- Discipline: Men / Women
- Overall: Raphaël Poirée / Magdalena Forsberg
- Nations Cup: Norway / Germany
- Individual: Sergei Rozhkov / Magdalena Forsberg
- Sprint: Ole Einar Bjørndalen / Magdalena Forsberg
- Pursuit: Raphaël Poirée / Magdalena Forsberg
- Mass start: Sven Fischer / Magdalena Forsberg
- Relay: Norway / Norway

Competition

= 2000–01 Biathlon World Cup =

Biathlon competition

The 2000–01 Biathlon World Cup was a multi-race tournament over a season of biathlon, organised by the International Biathlon Union.
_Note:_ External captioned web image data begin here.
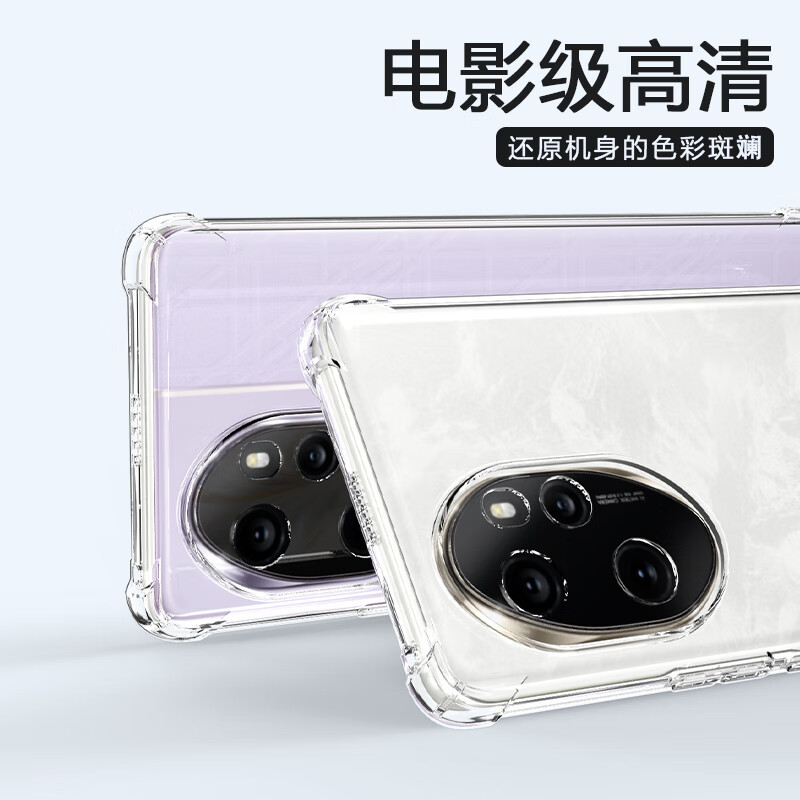 DBUE荣耀100手机壳honor100pro新款保护套90pro透明80GT气囊防摔壳70全包超薄60SE硅胶男女外壳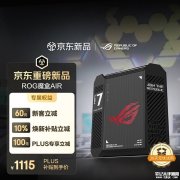 华硕ROG魔盒Air Wi-Fi 7路由器黑色版本上架销售 7200Mbps无线速度价格1399元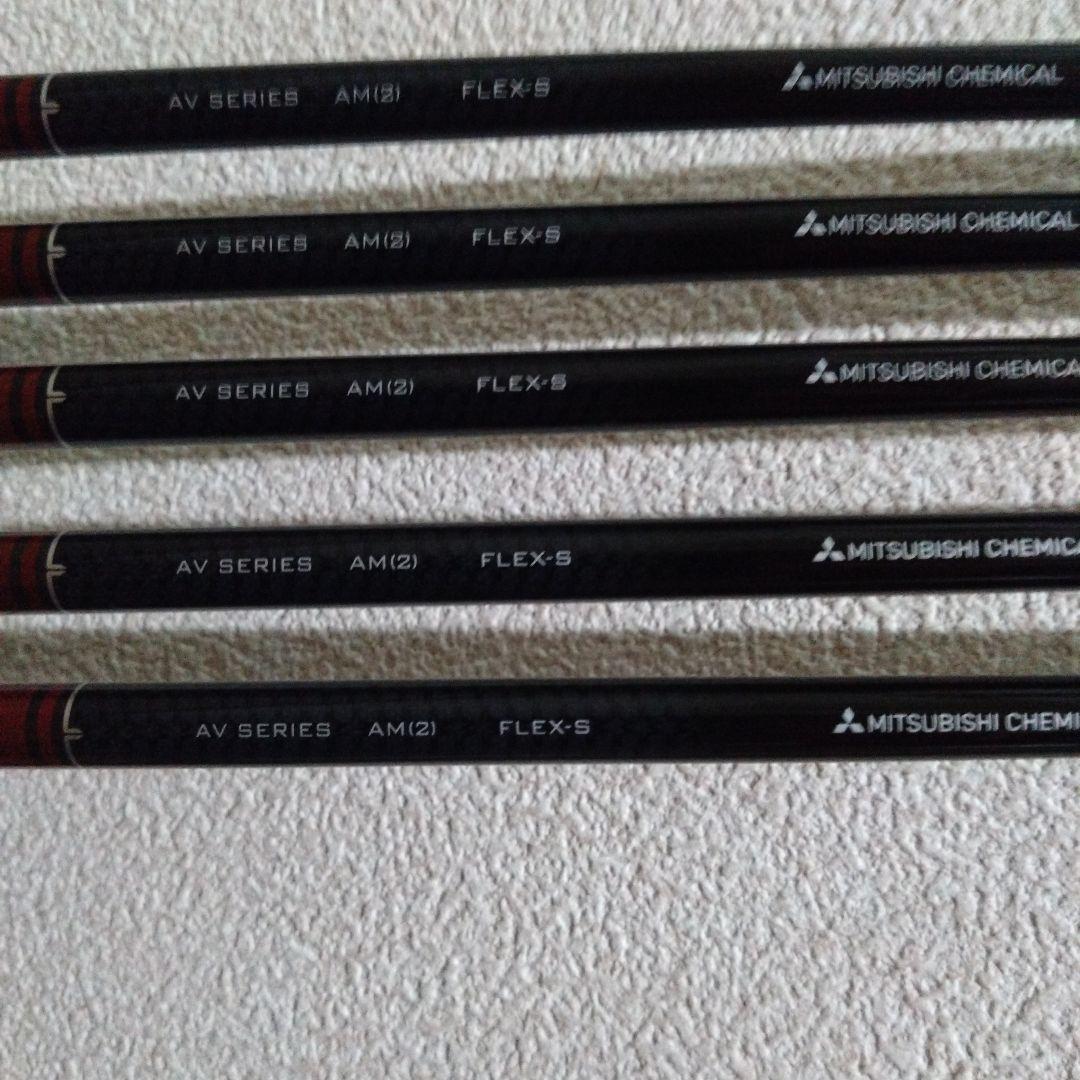 TENSEI シャフト AV レッド AM フレックスS 6-PW用 5本セット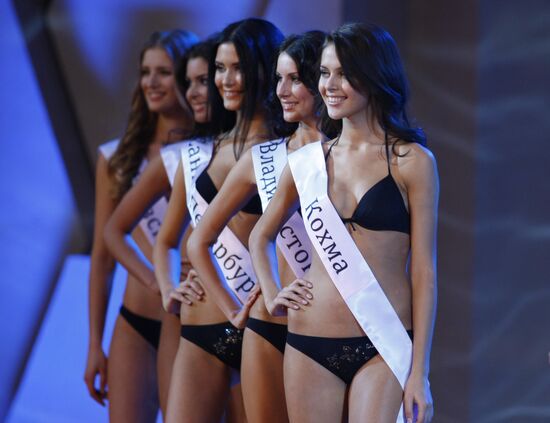 Miss Russia 2009 beauty contest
The season started on 30 November 2000 in Antholz-Anterselva, Italy, and ended on 18 March 2001 in Holmenkollen, Norway. It was the 24th season of the Biathlon World Cup.

==Calendar==
Below is the IBU World Cup calendar for the 2000–01 season.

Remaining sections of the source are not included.